What you will do → From the line containing "Christian Pink Fleur" to the end of the records below, both included, every line should be repeated exactly; pictures should be dropped.

Source data →
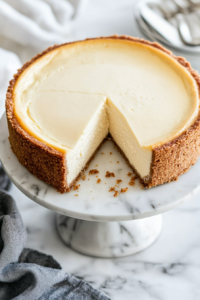 An overhead shot of a fully chilled cheesecake on a cake stand. A slice is being lifted, revealing the creamy, dense texture and buttery graham cracker crust.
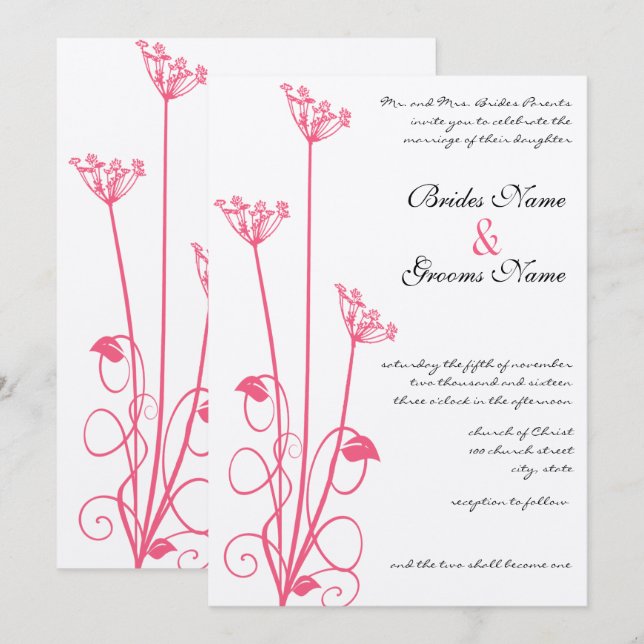 Christian Pink Fleur sauvage Faire-part de mariage (Devant / Derrière)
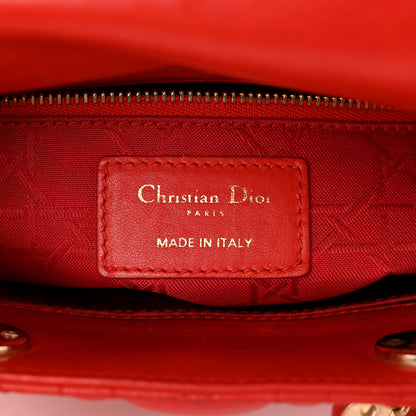 Christian Dior Lambskin Cannage Small Lucky Badges My Lady Dior Red 6 of 14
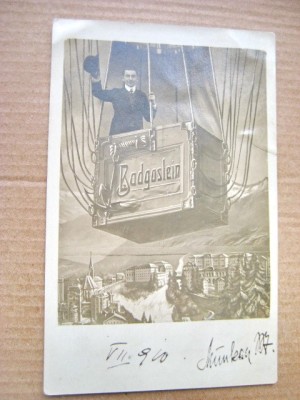 A622-Salutari din Badgoslein in balon-Carte Postala veche. foto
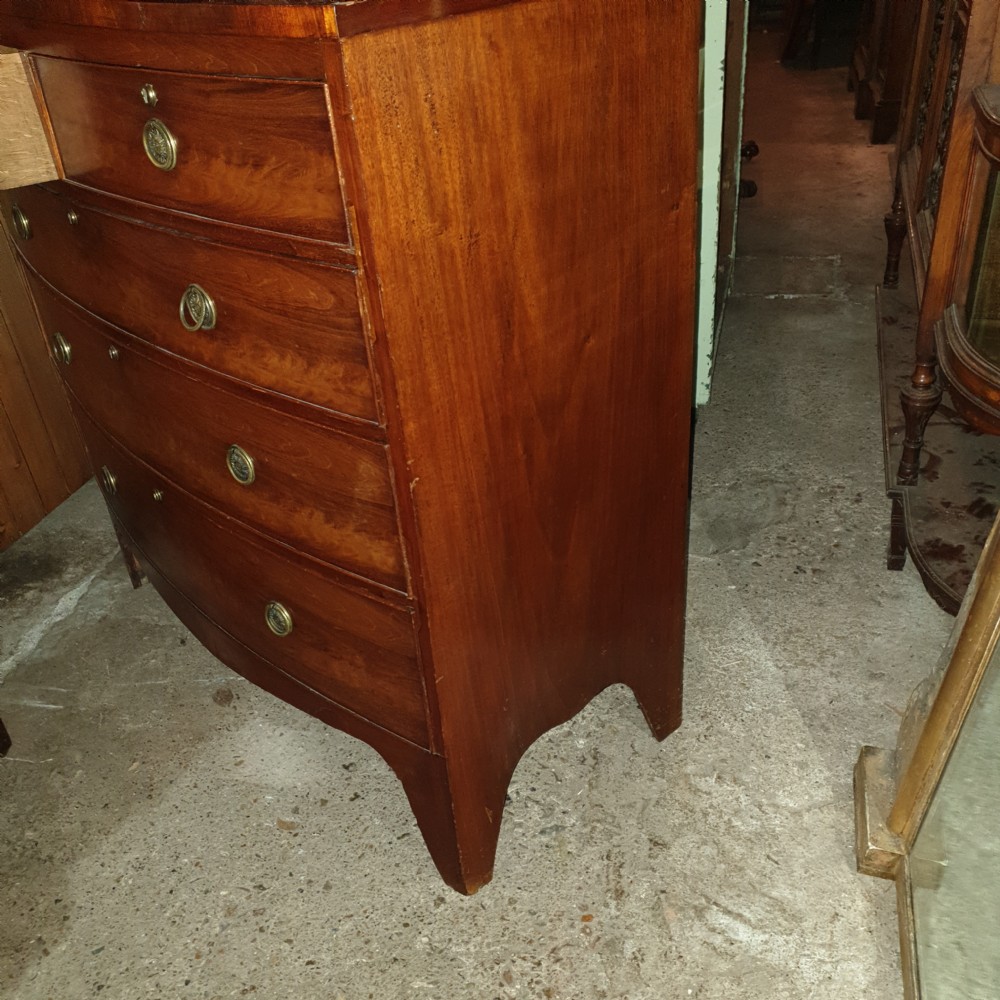 19th century mahogany bow front chest of drawers  View III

Task output →
 Christian Pink Fleur sauvage Faire-part de mariage (Devant / Derrière)
 Christian Dior Lambskin Cannage Small Lucky Badges My Lady Dior Red 6 of 14
 A622-Salutari din Badgoslein in balon-Carte Postala veche. foto
 19th century mahogany bow front chest of drawers  View III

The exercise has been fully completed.